Teuku Umar University
- Motto: Source of Inspiration
- Type: Public
- Established: 10 November 2006 (university)
- Rector: Jasman J. Ma'ruf
- Location: Meulaboh, Aceh, Indonesia 4°8′44.2″N 96°11′50.4″E﻿ / ﻿4.145611°N 96.197333°E
- Website: utu.ac.id

= Teuku Umar University =

Indonesian university

Teuku Umar University (Indonesian: Universitas Teuku Umar, abbreviated UTU) is an Indonesian public university in Meulaboh, West Aceh Regency. Starting from a foundation in 1984, it became a university in 2006 and was nationalized to form the current public university (Perguruan Tinggi Negeri) in 2014.

==History==
A foundation preceding the institution was founded on 28 August 1984 by residents of West Aceh Regency, and the first educational institute took the form of "Meulaboh Agricultural Academy". It was renamed to Sekolah Tinggi Ilmu Pertanian (Institute for Agricultural Science) in 1993, and after the tsunami it was officially awarded university status in 2006.

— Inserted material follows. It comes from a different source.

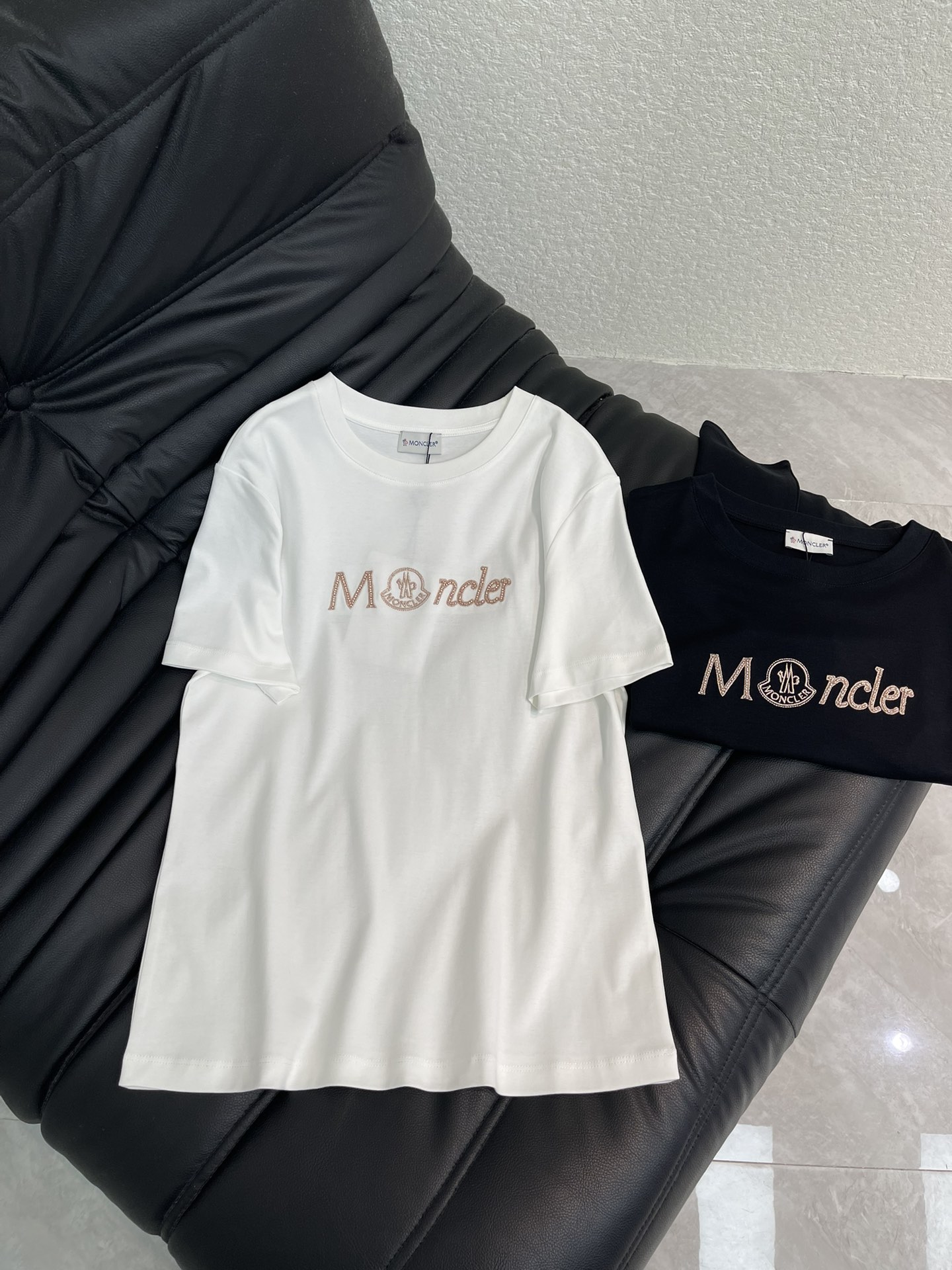 NO:658536,Moncle* 26 spring and summer new style exquisite beaded embroidered short-sleeved T-shirt. High-order mercerized cotton fabric. Skin-friendly, breathable and comfortable. Iconic letter pattern is low-key and luxurious. Age-reducing girlhood!  A must-have artifact for Bai Fumei!  The classic version is versatile and easy to wear. It is highly recommended to keep it for yourself!  The quality of workmanship depends on the details SML A,,Moncler,T-shirt,tees,t-shirt,alexander wang19860909Moncle*蒙口26春夏新款精致订珠刺绣短袖T恤 高订丝光棉面料 亲肤透气舒适 标志性字母图案低调奢华 减龄少女时代！白富美必备神器！ 经典版型百搭不挑人 强烈推荐自留款！ 做工品质看细节 SML A,,Moncler,T-shirt,tees，t-shirt,alexander wang,Women's clothing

On 2 April 2014, it was officially integrated by the Ministry of Education and became a public university (Perguruan Tinggi Negeri), the fourth in the province (after Syiah Kuala and Ar-Raniry University in Banda Aceh and Malikussaleh University in Lhokseumawe) and the first in the west and south parts.

==Students==
The university had an intake of 1,640 in the 2016–2017 academic year, spanning 15 courses across six faculties. It participates in the SNMPTN and SBMPTN system, accepting 40 percent of its students from the high school results-based SNMPTN and another 30 from the exam-based SBMPTN, with other specific methods making up the rest. It claimed a total number of active students at 9,364 in July 2017, mostly coming from Aceh with some attendants from outside the province.

==Faculties and facilities==
The faculties in the university are Social and Political Sciences, Agriculture, Engineering, Economics, Public Health and Maritime Sciences. Of these, only the first are fully accredited "B" ("good") by the Indonesian University Accrediting Body.